If someone had told me a year ago that I would have to close my full-time music studio and move all my students online, losing a third of them in the process, for an entire year, I would have said they were crazy.
If someone had said that I wouldn’t see my daughter for over a year, except for a couple of hours in a state park in the middle of nowhere, I would have looked at them like they had three heads.
If said crazy person had predicted that all of the fun activities in which I normally engaged over a year’s time, such as music festivals, parties, gigs, concerts, beach trips, holiday celebrations, birthdays, and student recitals, would all be canceled, I would have told them to go to hell.

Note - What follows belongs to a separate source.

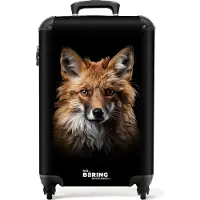 NoBoringSuitcases.com - Handbagage koffer lichtgewicht - Reiskoffer trolley - Rode vos op zwarte achtergrond close-up - Rolkoffer met wieltjes - Past binnen 55x40x20 en 55x35x25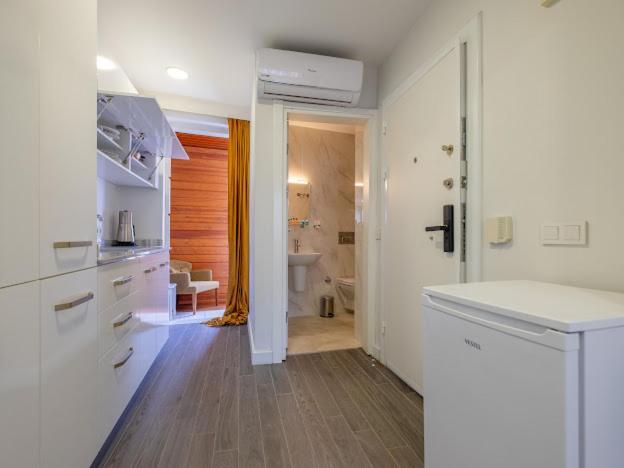 Sophia Hotels And Suites *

I have never held my 11-month-old great-niece who lives 10 minutes away. My 2 1/2-year-old great-nephew who lives 15 minutes away doesn’t know who I am.
Not one person, besides the three of us who live here, has set foot in my house for a year.
All regular doctor and dental exams have been postponed.
Friday the 13th of March, 2020. The Day The Earth Stood Still.
I knew that stuff got real when the NBA canceled all pro basketball games. The Suzuki Graduation Concert, a formal affair at Settlement Music School in Philadelphia in which one of my students was to perform, was canceled. Then the schools were closed. And my husband was laid off from his job. And the world, and my world, stopped in its tracks.
I am grateful for the health care workers who did not stop. The grocery store folks who did not stop. All the essential workers didn’t stop.
I have lived a cautious life, visiting an average of two public indoor places a week, with a mask on.
I have watched the waves of pandemic invade and recede, coming ever closer, washing away people on the perimeter of my life… friends of friends, relatives of relatives. I’ve heard medical people I know describe the carnage in their workplaces.
I watched, horrified, the numbers rise… A 9/11, every day. More dead than in the Second World War.
I appreciate how fortunate I and my family have been.
The miracle of science brings hope ever closer. That proverbial tunnel light is glimmering. I begin to talk of “when I reopen the studio” and “when we go on vacation”.
And yet, as an introvert, this unprecedented time of solitude has in some ways been a solace. It’s been a period of reevaluation, of decluttering, physically and spiritually. Prioritizing. I’ve done more hiking in the woods. Lost a beloved dog and adopted another.
I received my second vaccine dose during this anniversary week.